Киевляне, оставшись без князя, звали к себе Святослава и Всеволода, но те тоже не были расположены подвергать себя опасности. Киевляне принуждены были принять Изяслава обратно, и тот жестоко отомстил участникам восстания. Но Святослав, убедившись из этих событий, как непрочно сидит Изяслав на своем киевском столе, вошел в соглашение с Всеволодом и немного спустя двинулся с войском на Изяслава, выгнал его из Киева и поделил с Всеволодом его владения (1073).
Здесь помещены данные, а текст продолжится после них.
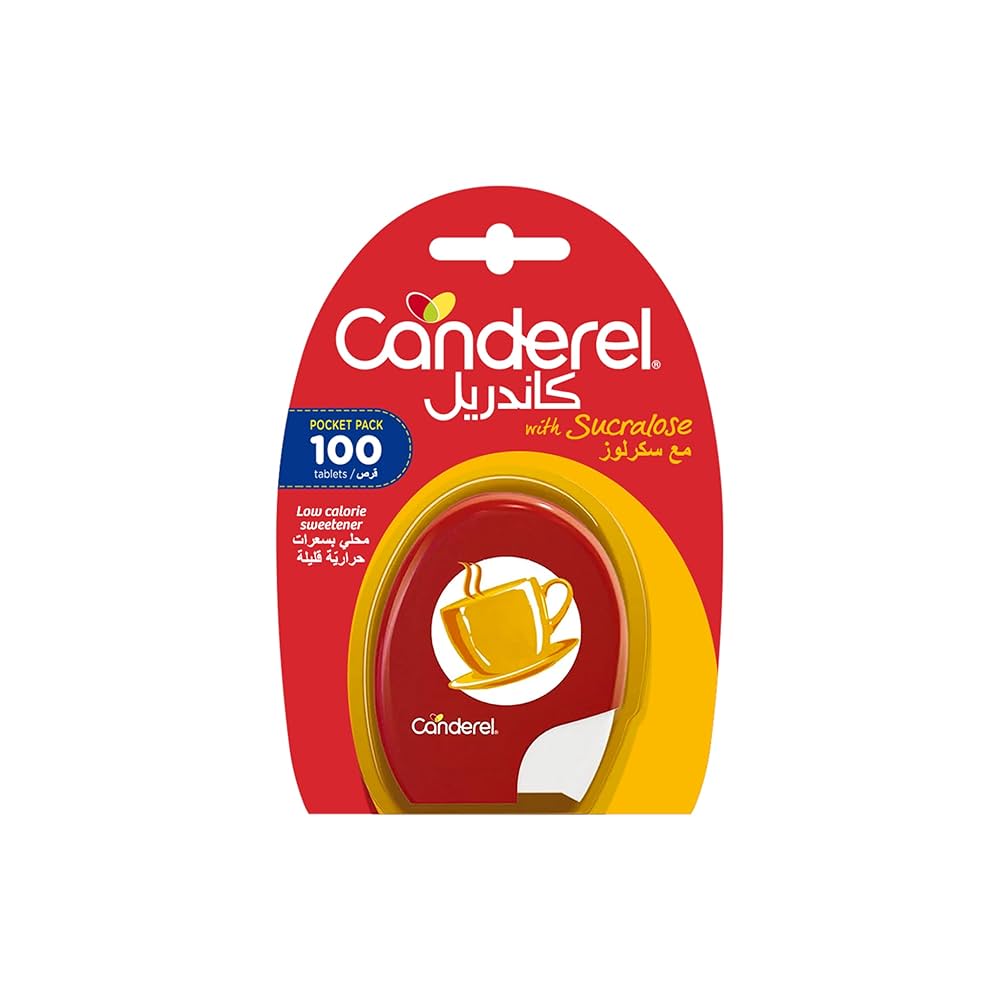 Canderel Sucralose Tablets 100 Count Sugar Substitute Zero Calorie-1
Однако и Святослав недолго правил Киевом и братними землями: в 1076 году он умер. Но по его стопам пошел Всеволод и, заняв киевский стол, постарался собрать как можно больше себе земель и как можно меньше оставить прочим князьям, потомкам братьев, которых он пережил. Те не мирились, при каждом удобном случае старались повредить Всеволоду, приводили половцев, стремились возвратить себе отцовские земли при помощи населения, также предпочитавшего иметь князьями своих «отчичей», сыновей прежнего князя, и не желавшего переходить из рук в руки, от одного князя к другому. Пятнадцатилетнее княжение Всеволода в Киеве прошло в непрерывной борьбе с этими обделенными князьями, «изгоями», как их называют. Они нападали на него со всех сторон, а во главе их стоял Святославич Олег, прозванный Гориславичем за то горе, какое люди терпели от него и половецких орд, которые он приводил на Украину, добиваясь от Всеволода отцовских земель, отобранных у него и у всего Святославова потомства:

Были веки Трояновы, минули лета Ярославли,
Были полки (войны) Олеговы — Олега Святославича.
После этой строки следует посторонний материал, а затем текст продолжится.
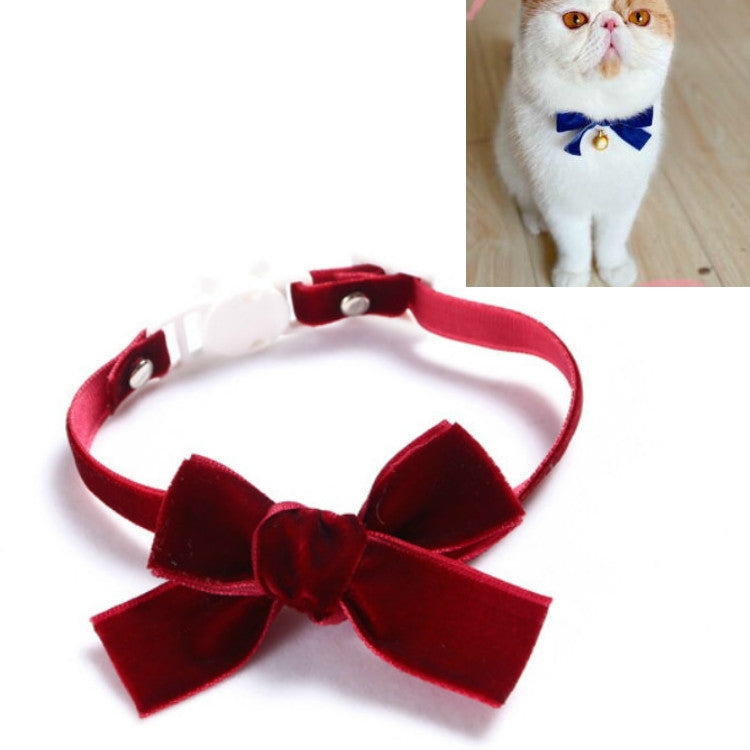 Velvet Bowknot Adjustable Pet Collar Cat Dog Rabbit Bow Tie Accessories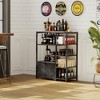 Bakers Rack with Storage Cabinet, 5-Tier Kitchen Organizer with Shelves, Coffee Bar Station - 3 of 4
Тот Олег мечом крамолу ковал, сеял стрелы по земле,
Вступал в золотое стремя во граде Тмутаракани,
А уж звон слышал великий сын Ярославов Всеволод,
Воладимир же уши затыкал по все дни в Чернигове.1
Тогда при Олеге Гориславиче сеялись, росли усобицы,
Погибала жизнь Дажьбожа внука,
В княжих крамолах веки людские сократилися!
Тогда в Русской земле редко ратаи покрикивали,
Зато часто крякали вороны, трупы себе делячи,
А галки речь свою говорили, хотя лететь на уедие.

1 Олег, лишенный отцовских земель, проживал в Тмутаракани, сделавшейся тогда пристанищем для этих бесприютных князей-изгоев. Поэт говорит, что Олег только лишь в стремя вступал, чтобы идти походом на Всеволодовы земли, а у Всеволода от страха уже звенело в ушах, Владимир же, занимавший отчину Олега, Чернигов, сидел с заткнутыми ушами, чтобы не быть оглушенным этим звоном.